Hawaii’s LPGA Lotte Championship is back for a sequel. Golfers from more than 20 countries tee off at Ko Olina in Wednesday’s opening round, including nine of the world’s top 10. Ai Miyazato defends her title.
All four days will be broadcast in prime time back east. Our weird weather is predicted to return to perfection.
But really, what most in Hawaii want to know this week at Ko Olina is what is wrong with Michelle Wie?
How can a player so gifted finish her classes at Stanford one week and flunk golf the next?
A year ago Wie, 23, was 24th in the Rolex World Rankings. Now the Punahou graduate is 91st. She made just 13 cuts in 2012, with one lonely top 10.

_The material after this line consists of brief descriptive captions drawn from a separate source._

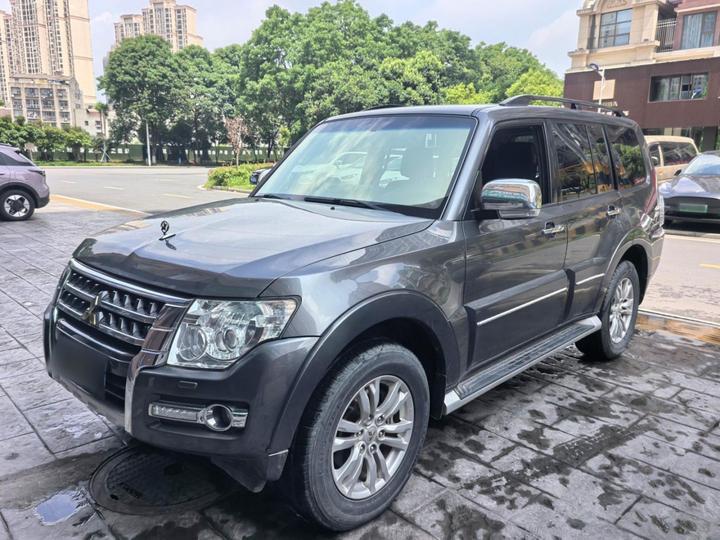 Pajero Parallel Import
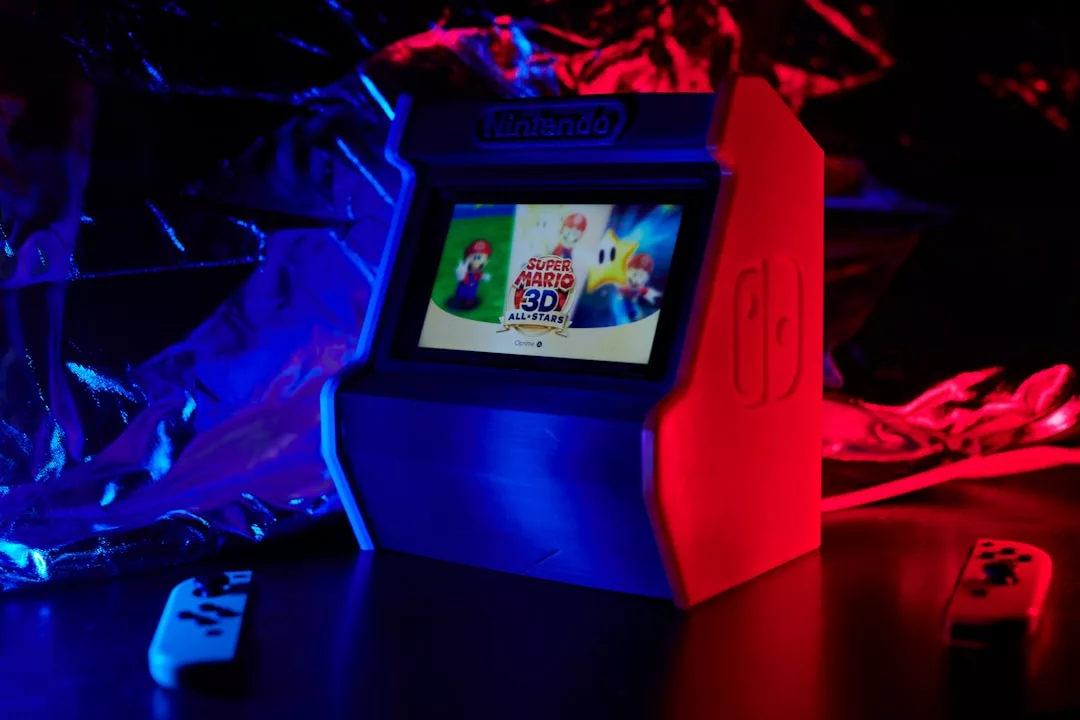 Eine benutzerdefinierte Nintendo Switch-Konsole im Arcade-Stil zeigt Super Mario 3D All-Stars mit zwei separaten Joy-Con-Controllern auf einer schwarzen Oberfläche unter roter und blauer Beleuchtung und bringt so Mallorca-Arcade-Vibes in Ihr Gaming-Setup.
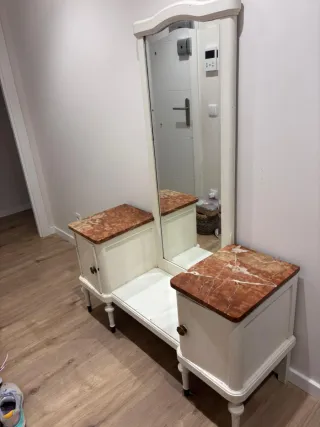 Moble tocador antic/Mueble tocador antiguo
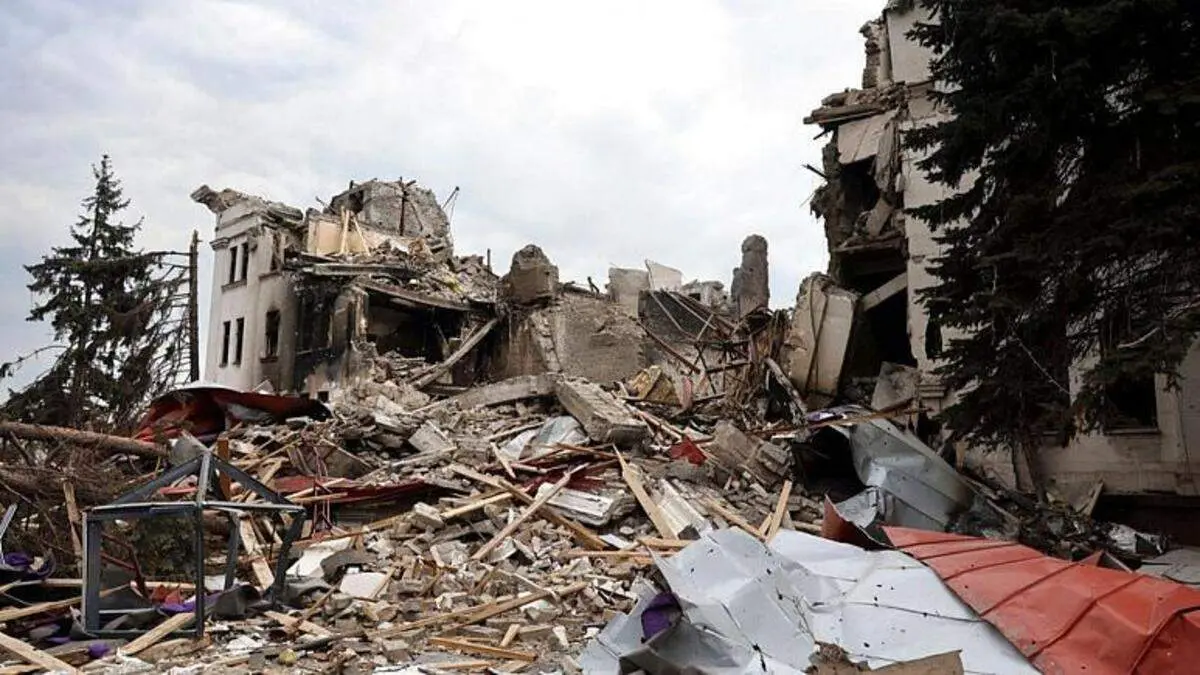 کشف شبکه جاسوسي ناتو در روسيه/ انتقاد "پاپ" از برخورد نژادپرستانه غرب با پناهندگان / زلنسکی: ۲۵۰۰ تا ۳۰۰۰ سرباز اوکراینی کشته شده‌اند + فیلم و تصاویر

Wie made 13 LPGA cuts before she was 15, and came within a shot of making another against the guys at the 2004 Sony Open in Hawaii. Two years later she was ranked third in the first Rolex Ranking and barged into a U.S. Open sectional qualifier, finishing five shots short of playing at Winged Foot.
Two years after that Forbes magazine ranked her fifth on its list of highest-paid female athletes, with $12 million in endorsements. That staggering number has hardly changed — she still represents Nike, Kia, Omega, McDonald’s and Sime Darby — but after winning twice and collecting 20 top-10s since officially joining the LPGA in 2009, last year was shockingly mediocre, a word rarely associated with Wie. She finished 64th on the money list and outside the top 125 in fairways hit and putting.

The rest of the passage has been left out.